=== EXERCISE GOAL ===
Starting at the first line of the records and stopping at the line that contains "Una cucina con", transcribe every line exactly and leave out the pictures.

=== RAW DATA ===
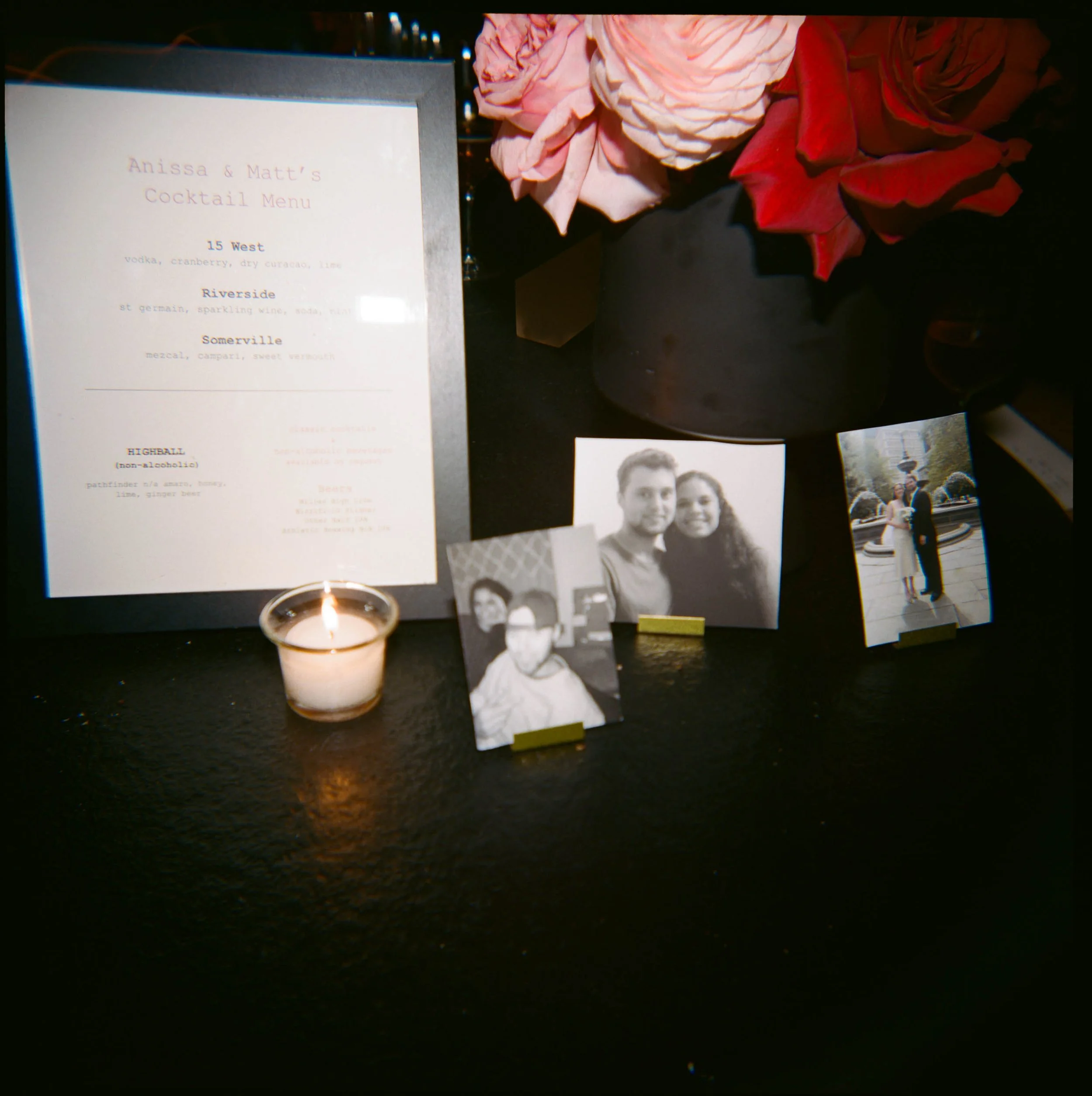 A memorial display includes a cocktail menu, a lit candle, a black vase with pink and red flowers, and several black-and-white photographs of people.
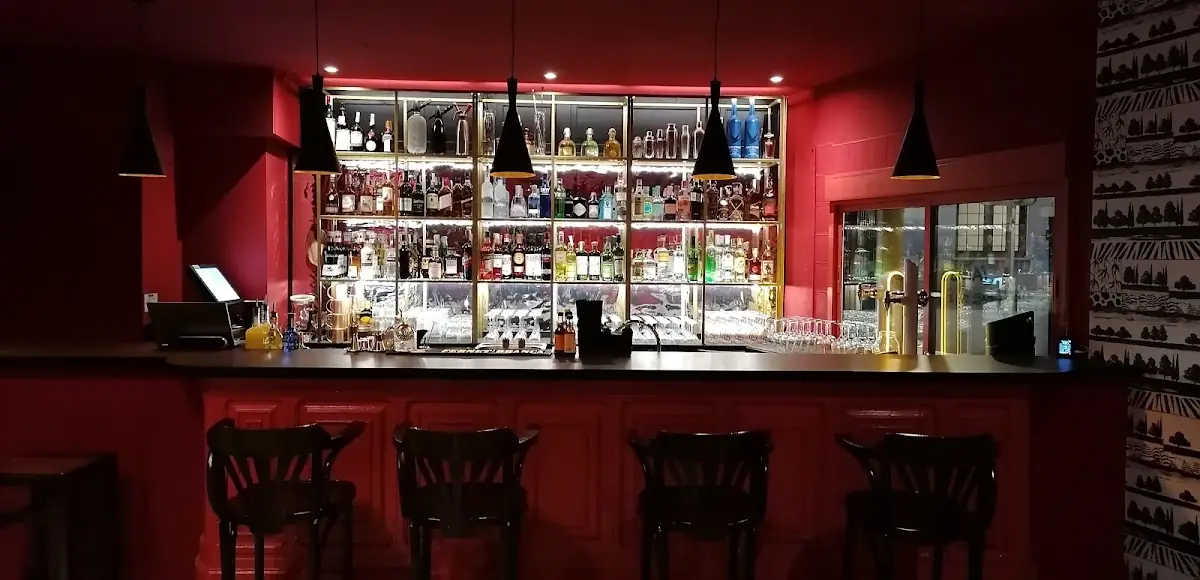 The red-lit bar at After Landing Cocktail Art in Palma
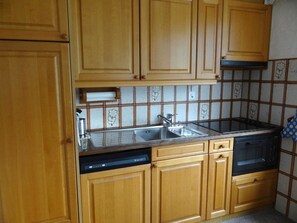 Una cucina con mobili in legno, un lavandino in acciaio inossidabile, una lavastoviglie e un forno a microonde nero.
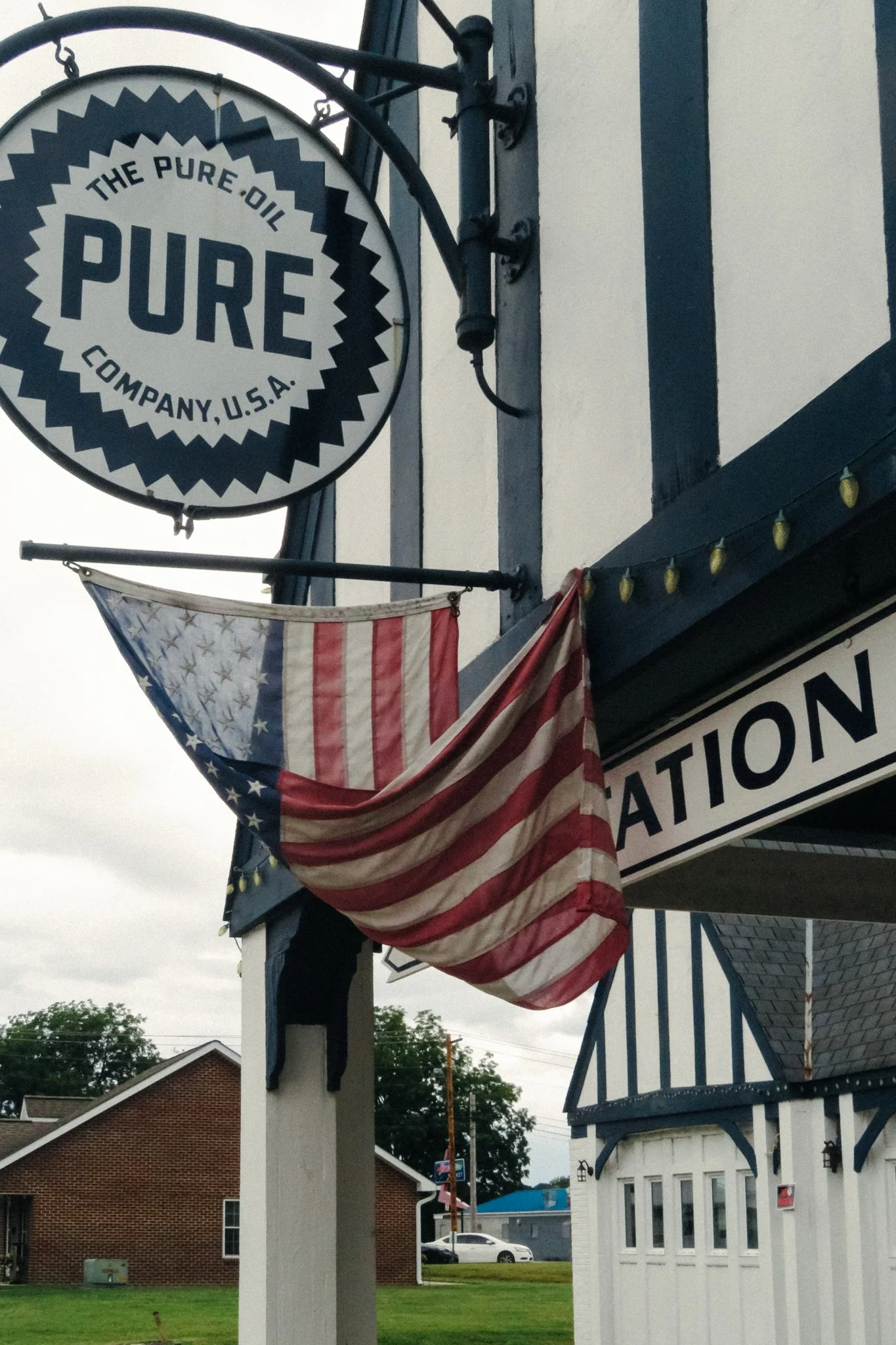 Store sign with the words 'Pure' and 'The Pure Oil Company, U.S.A.' hanging from the side of a building, with an American flag decoration below it and a white building with windows behind.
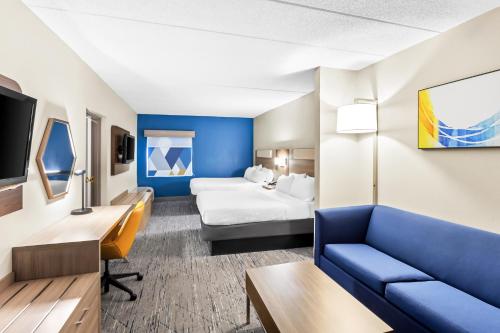 a hotel room with a blue couch and a bed at Holiday Inn Express Hotel & Suites Charleston-Southridge by IHG in Charleston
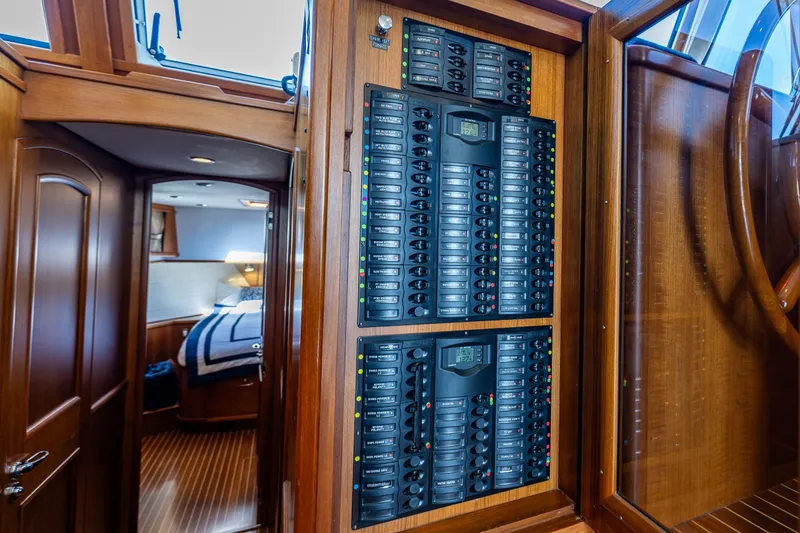 Slide: The Image of Electrical panel inside 2006 Grand Banks 47 Europa yacht, showcasing cabin interior and wood finish. - 44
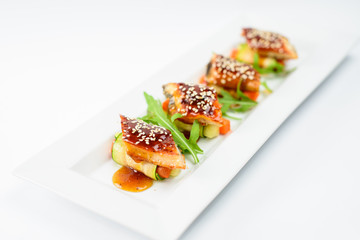 Sushi rolls with sesame seeds on a white plate, high cuisine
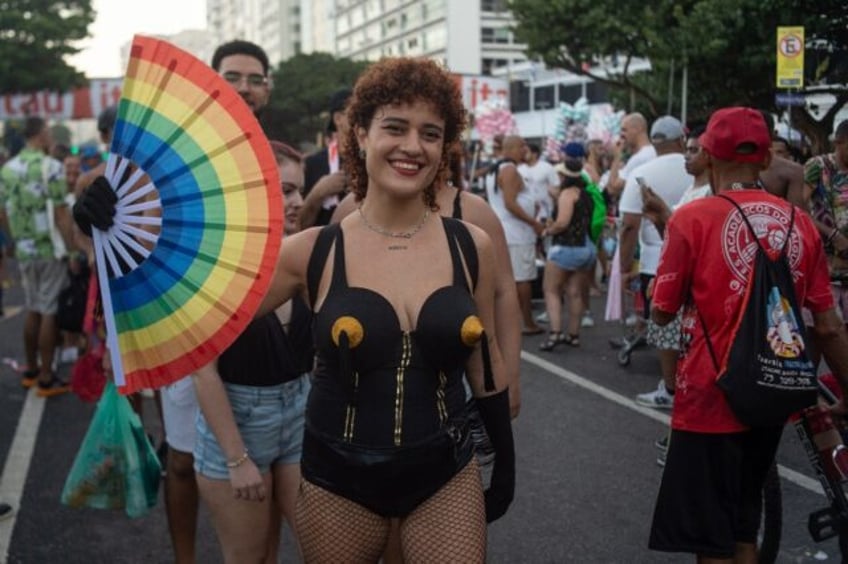 Fans arrive at Copacabana beach for a free concert by Madonna in Rio de Janeiro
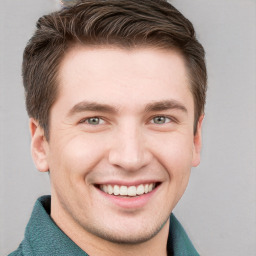 Joyful white young-adult male with short  brown hair and grey eyes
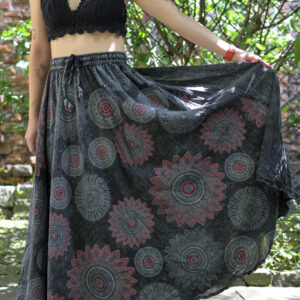 Kobieta w blond włosach i czarnym szydełkowym topie w szarej maxi spódnicy w mandale na tle zieleni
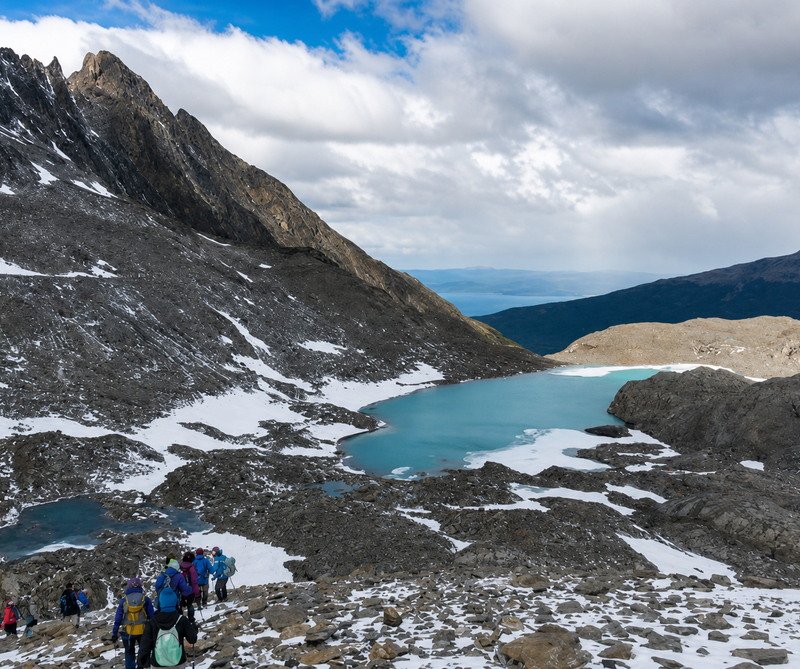 Laguna glaciar y grupo de trekkers camino al Glaciar Vinciguerra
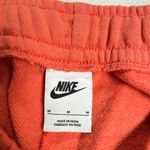 Nike  Sportswear Women’s Mid-Rise Joggers Photo 3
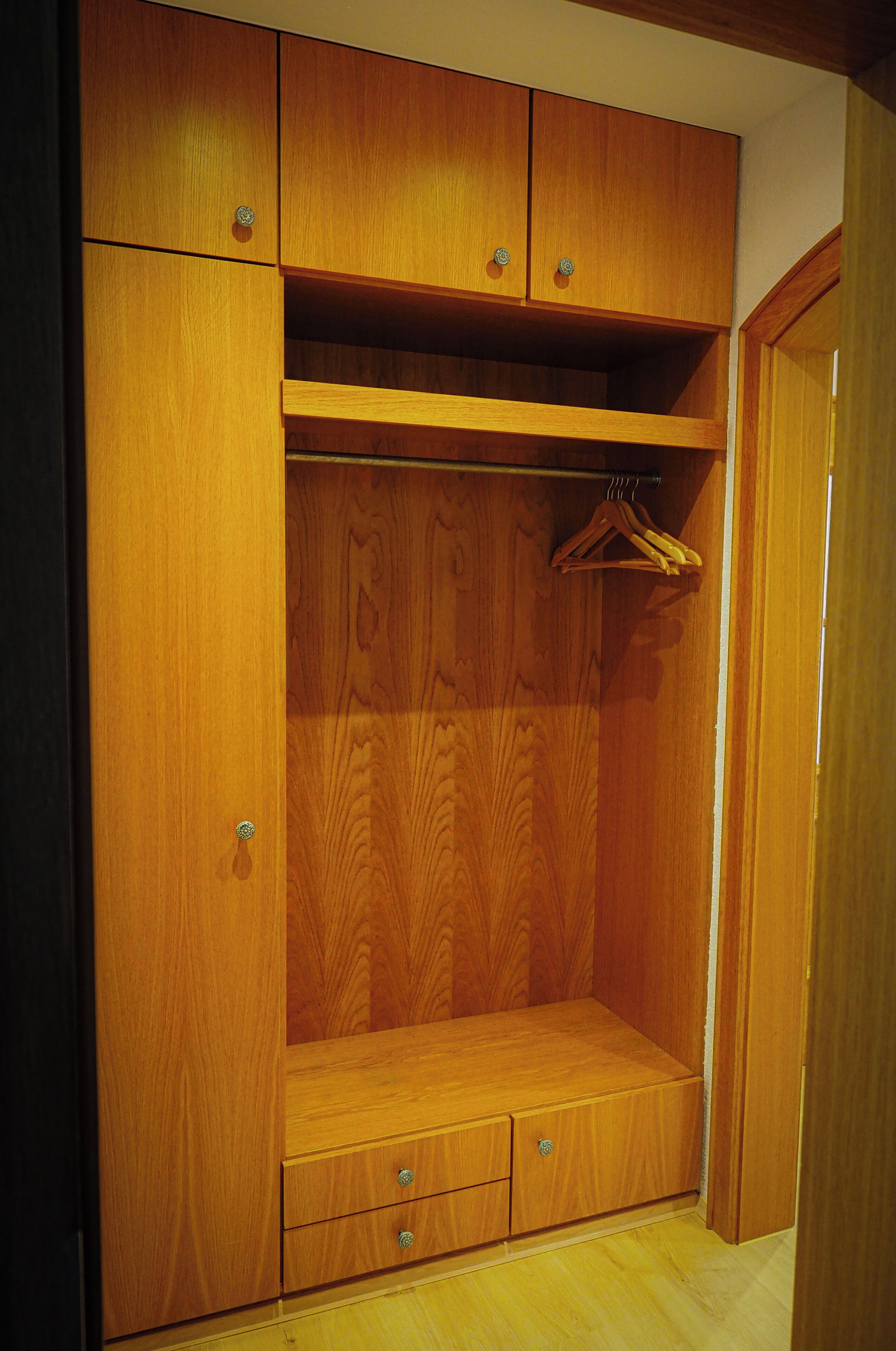 Ein hölzerner Kleiderschrank mit mehreren Fächern, darunter ein Kleiderbügelbereich und eine Schubladenebene.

=== EXPECTED ANSWER ===
 A memorial display includes a cocktail menu, a lit candle, a black vase with pink and red flowers, and several black-and-white photographs of people.
 The red-lit bar at After Landing Cocktail Art in Palma
 Una cucina con mobili in legno, un lavandino in acciaio inossidabile, una lavastoviglie e un forno a microonde nero.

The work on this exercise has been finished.